Sin pretender que la nostalgia haga presa en mí, a veces es conveniente, acaso, muy conveniente, echar la vista atrás y recordar cómo éramos en aquel entonces, no tanto para hacer hincapié en que cualquier tiempo pasado fue mejor, sino para ver en qué hemos fallado y por qué, y en qué hemos mejorado. Aunque “todos esos momentos se perderán como lágrimas en la lluvia”, tal y como escribió alguna vez Benjamin Franklin, sea como fuere, también es cierto que el pasado puede informarnos sobre el futuro. También no es menos cierto que cuando las cosas se tuercen es debido a nuestra propia voluntad y a nuestra propia negligencia. Como dice el adagio, “la gran derrota, en todo, es olvidar, y sobre todo lo que te ha matado”.
Y como ni quiero ni deseo olvidar, le contaré, amable lector, que, en aquellos días de finales de los 60 y comienzos los 70, solía llegarme con mis amigos de juventud  hasta la frontera del Tarajal y sentarme en los veladores del añorado bar El Espigón, enfrente de la actual parada de autobuses, y tomarme un jaimito con una tapa de pescado frito, calamares o lo que el tito Miguel, el dueño, nos ofreciera con su amabilidad característica y bonhomía. En verdad, el tito Miguel era de esa personas que no se olvidan. Tranquilo y pausado en el hablar, afable y risueño con quienes se acercaban a aquellos andurriales a degustar su cocina mientras trasegaban unas cervezas bien frías. Su tono de voz no se elevaba al tiempo que iba de mesa en mesa para conversar con los parroquianos, y siempre con la sonrisa dibujada en el rostro. Un tipo inolvidable. Alguien le había hecho una caricatura a lápiz y la tenía enmarcada y colgada allá arriba en la pared enfrente de la puerta de entrada al local. A los especialmente deliciosos y placenteros y huidizos días de aquellos meses de abril y mayo y junio se unían la ilusión y el adanismo propios de la juventud, época en la que no se tiene historia personal pero sí mucho presente por vivir, y disfrutar, y un futuro espléndido, que está ahí agazapado, aguardándote. Es tu futuro, que te pertenece por el mero hecho de ser joven. O al menos eso es lo que uno se creía. Pero, eso sí, se va perdiendo la juventud no sólo a fuerza de cumplir años, sino, acaso, a base de torpezas. De algún modo, nuestro pasado continúa en nuestro presente, pues como dice un personaje de la película El club de los emperadores, “el final depende del principio”. Presente que se desliza sin apenas ser notado hacia una época en la que ya no arden los antiguos entusiasmos.

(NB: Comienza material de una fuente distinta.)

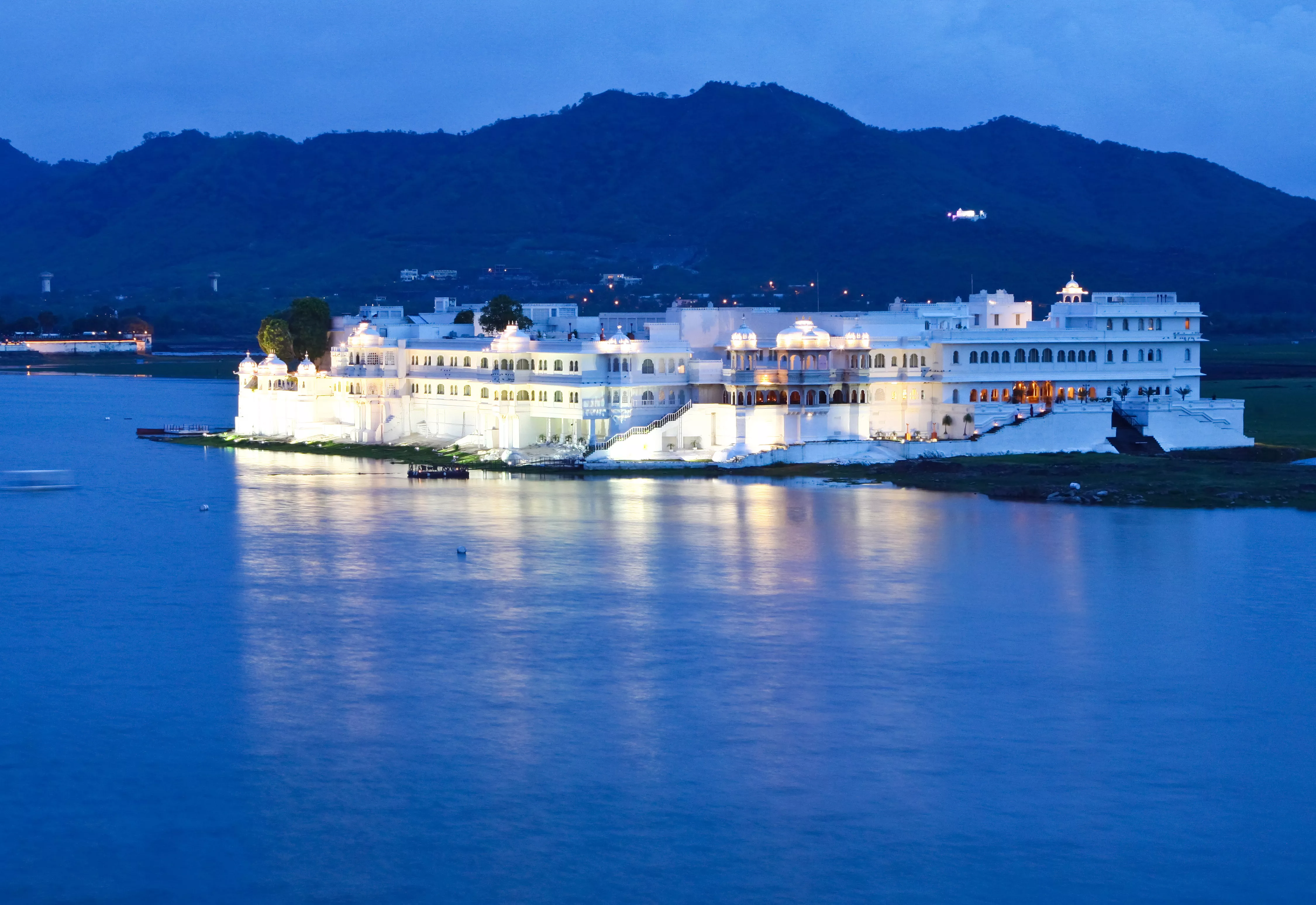 lake-palace-udaipur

Esto sucedía en Ceuta, ciudad provinciana al margen de los vientos huracanados del mayo del 68, que barrían las calles parisinas y de otras ciudades europeas. Ceuta permanecía adormilada por canciones de cuna ya añejas y añosas con letras de himnos militares y religiosos. Era una ciudad en la que el militarismo y la religiosidad a ultranza seguían obnubilando las mentes de los ceutíes. El casino y las exaltaciones patrióticas y las cofradías formaban parte de la vida diaria de los ceutíes sin solución de continuidad. Ceuta era, entonces, una ciudad placentera, grata, amable y acogedora. Pero ingenua.
Pero de pronto, sin saber cómo, o sí, a mediados de los 80 cayó sobre la ciudad una plaga de dimensiones bíblicas que empezó a desestabilizar la convivencia de la adormecida ciudadanía, ciudadanía que vio con horror cómo sus certezas se iban por el desagüe. Aquel exceso de certeza se derrumbaba como un castillo de naipes y sus restos eran engullidos por una ola de violencia de todo tipo que, con altibajos, no ha cesado hasta nuestros días. Casi treinta años de sobresalto en sobresalto han dado por tierra el optimismo del ciudadano más confiado, más seguro, en sus certezas. Aquella ciudad placentera, grata y amable de los 60 y 70 se ha transmutado en una ciudad hosca, violenta y decadente. Aquellos deliciosos días de primavera de abril, mayo y junio, que escribía más arriba, disfrutados en El Espigón, en el Tarajal, se fueron para no volver, y han sido sustituidos, en el mismo lugar, por un trasiego de individuos de mirada torva y de aviesas intenciones. Individuos de catadura de juzgado de guardia. Ya no existe El Espigón y los amables y luminosos y juveniles  días de primavera han dado paso a la inseguridad, al miedo y a la agresión, incluso ante personas que ni se inmutan ni piden auxilio para el agredido.  
Al tiempo, conforme la población crecía de una manera desorbitada debido al crecimiento vegetativo y al asentamiento de individuos procedentes del otro lado de la frontera al socaire del estado de bienestar en Ceuta, la violencia de todo tipo iba tomando carta de naturaleza, iba anidando en las entrañas del tejido social ceutí. El ciudadano del común, perturbado por la actitud de ciertos grupos violentos,  asistía a este estado de cosas en estado de estupor, a la vez que trataba de comprender lo que sucedía, y asistía  anonadado a cómo su mundo saltaba por los aires hecho añicos. La realidad se había vuelto de repente fea, desagradable, violenta. Realidad que no se podía soslayar, pues era noticia cada día en la prensa, a pesar de que hubo quienes apelaban a la inseguridad subjetiva tratando de minimizar el cambio brutal en el comportamiento social. Además, la realidad, como escribió Ayn Rand, existe como algo absoluto, independiente de las emociones, los deseos, la esperanza o los miedos del hombre. En fin, llegados a este punto, debo convenir con Nabokov, que la nostalgia ha sido (es) para mí algo sensual, íntimo. Inevitable, diría.